# Broadband speed?



## millns84 (Jul 5, 2009)

Morning all

We've been with Virgin Media for as long as I can remember, with various upgrades to the broadband speed and routers over the years... 

Question is, what sort of speeds should we be expecting? Were on the 200mbps package, which is due to be upgraded to 250mbps but whenever we do speed tests, it's topping out around 60mbps...

Is this typical or should I be looking into it further? I don't expect to get the full speed as I appreciate it's a best case scenario but this seems a little low?


----------



## Derekh929 (Aug 28, 2011)

Many have been restricting band widths of late with many working from home, many routers supplied by providers have limiters as well.
If you are looking at WiFi speeds we just increased our speed by a huge amount installing a Bt whole home mesh system it’s transformed our Wi-Fi and coverage in each room and whole garden.
Most providers have a promise of service but hard to get them to accept , it depends on the distance from exchange and loads of other stuff the blame like distance from cabinet you are connected to as well.


----------



## MDC250 (Jan 4, 2014)

Have Unlimited Fibre 76 deal with Vodafone. Generally get 50Mbps download speed and that does me fine. Speed is quoted for a wired connection as far as I’m aware?


----------



## millns84 (Jul 5, 2009)

Cheers guys - Just done a test now and it's showing 110mbps,so maybe it's getting restricted later in the day?
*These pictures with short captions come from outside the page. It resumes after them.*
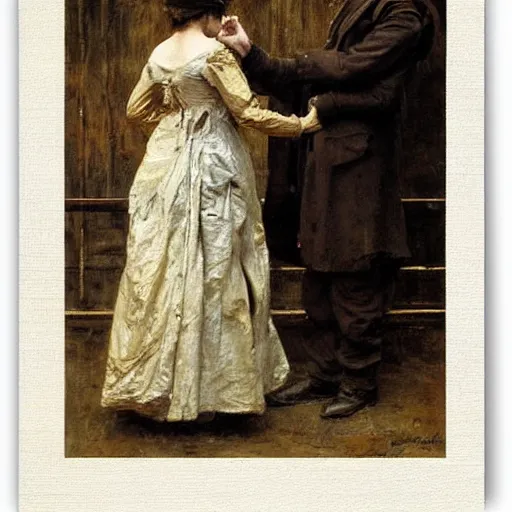 Prompt: worker and actress saying goodbye by alfred stevens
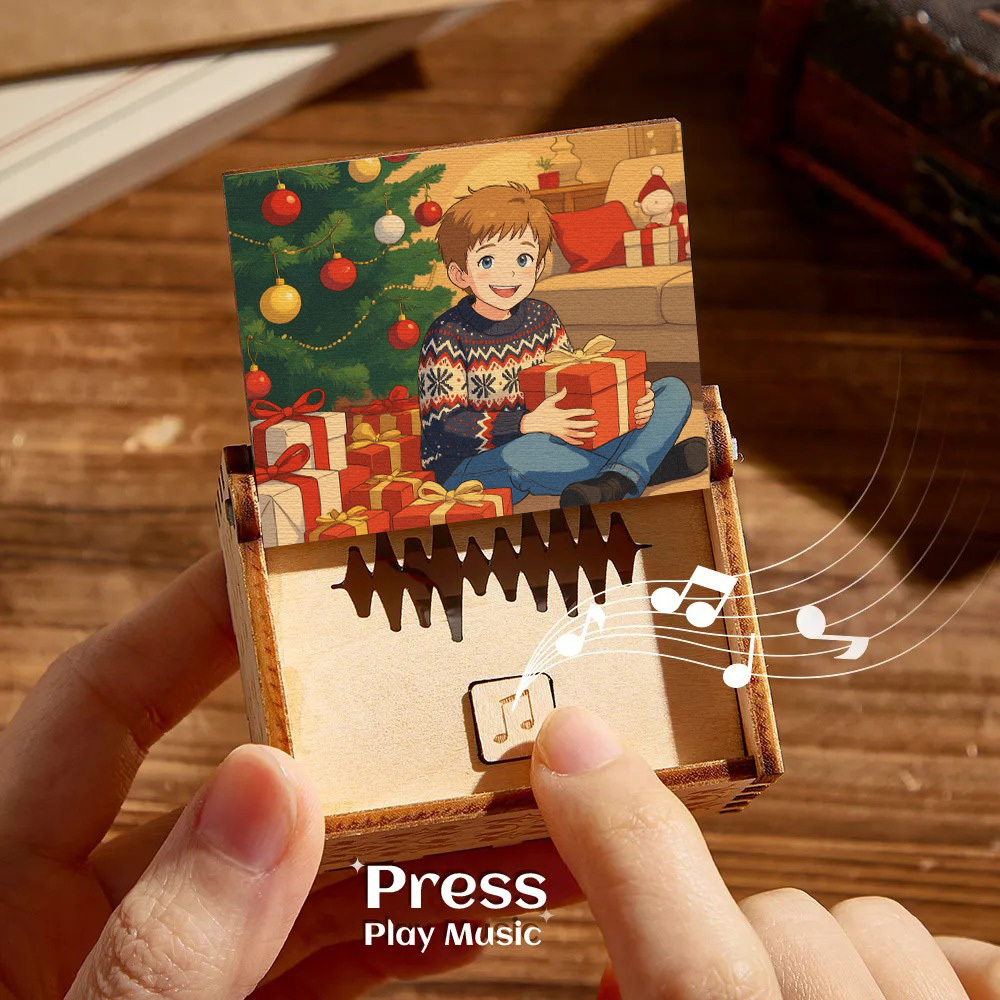 Custom Gibli Style Music Box with Your Picture | Choose Your Own Song Gift for Christmas
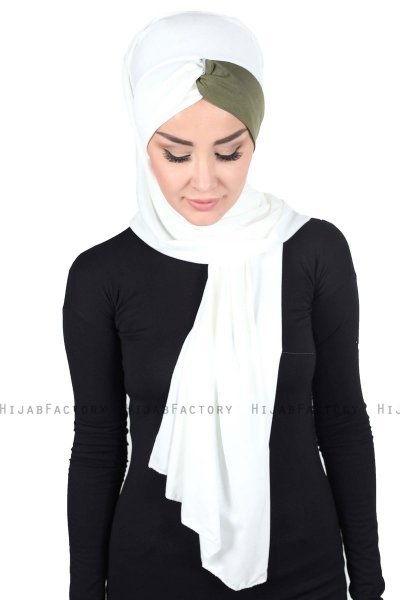 Mikaela - Hijab Cotone Pratico Creme & Cachi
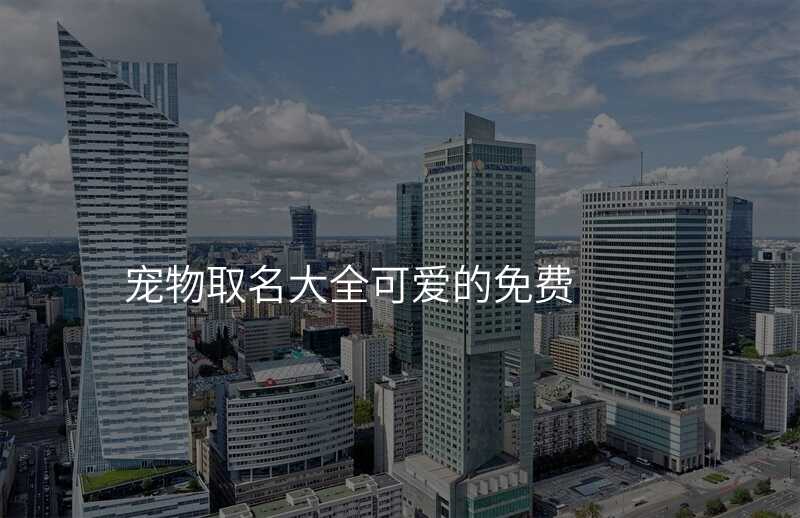 宠物取名大全可爱的免费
I suppose there's two of us working from home now, plus four kids with their devices so it's getting hammered :lol:


----------



## Derekh929 (Aug 28, 2011)

Peak times of usage always restricted band width usually, I have business braid band that I have access to in home as well an engineer told me 50 customer per card in exchange for me but domestic customers 150 per card.
That was a couple of years ago it could have all changed know, we were about last on the estate we are on to get fiber as we are direct to exchange line it was a pain before fiber, you should look into mesh system I was sceptical but it’s been great


----------



## MDC250 (Jan 4, 2014)

Running a lot more in the house at the moment like a lot of people. One thing I keep forgetting is I bought an extender so can get signal in the garden. If I come into the room it’s in, device swaps over to the extender but doesn’t seem to swap back again when I’m nearer to the main router. I’m no techie but speed I get when connected to the extender is much slower as presumably it’s losing a bit of speed bridging between the router and itself.


----------



## macca666 (Mar 30, 2010)

My speed with Virgin has always been nowhere near what I was promised however I'm led to believe the distance of the router from the external box makes a difference as it's different cable used internally.

My router is upstairs but enters the house underneath the living room window so theres a fair run. Think the quickest speed I registered was about 60.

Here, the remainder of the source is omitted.